Saranno forse curiose coincidenze, ma la fotografia politica della giornata di ieri è abbastanza significativa. Nel giorno in cui si consumava un doloroso strappo all’interno della Lega Nord, con la decadenza di Flavio Tosi, a Roma veniva votata a grande maggioranza, una riforma costituzionale che manderà in fumo quei pochi brandelli di autonomia che le nostre regioni si erano conquistate. Mentre a Nord la Lega pativa una divisione, piccola o grande che sia (io credo piccola), a Sud i centralisti segnavano un punto importante. Solo un caso? Probabilmente si, ma sarebbe meglio interrogarsi.
Divide et Impera
Un dirigente della Lega che se ne va o viene cacciato non spaventa. Tosi non è il primo a fare questa fine, anzi la lista delle figure di spicco allontanate nel tempo è lunga e variegata: Castellazzi, Rocchetta, Comencini, Comino, tutti condannati all’oblio politico.
La novità sta nel contesto in cui è nata e maturata la spaccatura tra Tosi e la Lega. Una volta il copione era semplice: da una parte c’era la Lega che voleva difendere il Nord, risolvere la questione settentrionale e combattere il centralismo e dall’altra parte l’espulso di turno accusato di essersi venduto al nemico, di lavorare contro la soluzione della questione settentrionale. Processi rapidi, prove poco circostanziate, si espelleva a vario titolo e in svariate forme. Le motivazioni politiche erano però sempre solide.
Se ragionassimo ancora seguendo questo spartito, Nord contro Roma, Flavio Tosi di responsabilità e colpe ne ha da vendere. Da tempo ha sempre agito come il più “italiano” tra i leghisti. Fu tra i primi ad attaccare violentemente Umberto Bossi, a tratti anche in maniera inelegante:“Bossi Lucido? Anche io potrei avere un tumore e non lo so”. Ha ridicolizzato a più riprese l’idea della secessione e indipendenza, che rimane caposaldo e all’art. 1 dello Statuto della Lega Nord. Si è candidato, primo tra i primi, alle primarie che non ci sono, quelle del centro destra. Ha costituito una fondazione dal nome dissacrante, almeno per un leghista vero: “Ricostruiamo il Paese”. Ma il Paese in questione sarebbe l’italia, quella matrigna che schiaccia e soffoca da anni i popoli del Nord.
Per questo non sprecherò lacrime per la cacciata di Tosi.
Quello che mi preoccupa è lo scenario in cui è maturata questa decisione è un po’ diverso: oggi siamo impegnati, come Lega Nord, in un progetto di espansione nazionale, complicato e irto di incognite, ed è all’interno di questa strategia espansionistica che si sono sviluppate visioni diverse e configgenti.
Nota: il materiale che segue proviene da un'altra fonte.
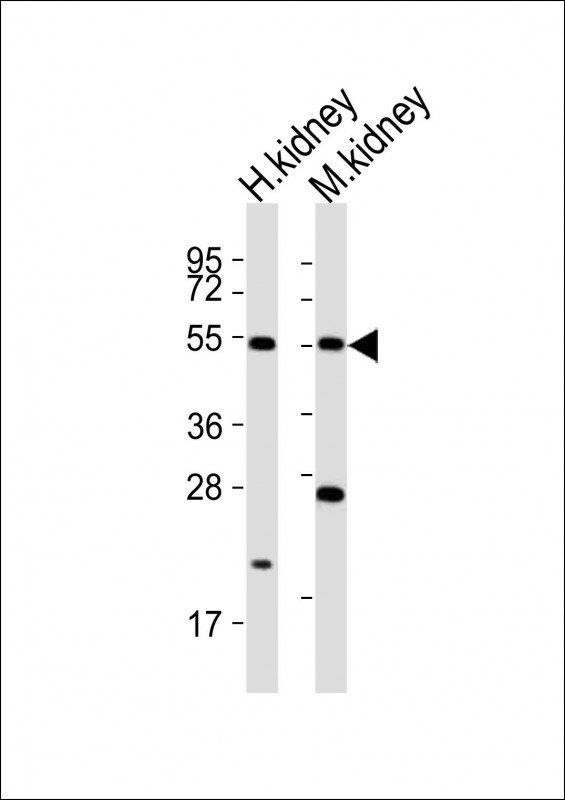IRX1 antibody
Cerco di farla più semplice: se prima eravamo uniti nel difendere il Nord, attraversando alti e bassi nei consensi, ora rischiamo di dividerci nell’interesse della ricostruzione dell’italia, per usare lo slogan di Flavio Tosi.
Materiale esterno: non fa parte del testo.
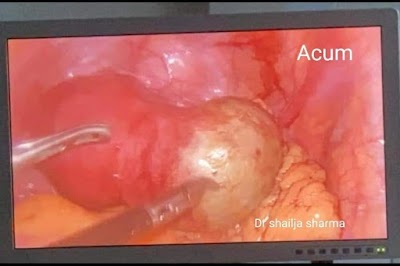 Dr. Shailja Sharma (Ex-AIIMS & Safdarjung hospital New Delhi) | Best Gynaecologist in Agra | Gynecologist in Agra - Image 3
Mi viene un po’ l’orticaria. Ho sempre pensato che da Roma e dall’italia non sarebbe mai arrivato nulla di buono per il Nord, e credo che anche in questo caso la teoria trova solide conferme. Oggi c’è qualcuno che a Roma se la ride di gusto; mentre quella che se la ride in Veneto, Ladylike, è solo un insignifcante eco.
Quindi salutiamo Tosi, senza rimpianti, e sosteniamo Luca Zaia che è l’unica speranza per i veneti; però stiamo attenti che il nemico del Nord non ha cambiato indirizzo, non ha cambiato casa né interessi. Sta sempre abbarbicato a Roma, tra un palazzo e l’altro. Noi dobbiamo salvare il Nord da Roma e dall’Italia, questo era e rimane il nostro obiettivo.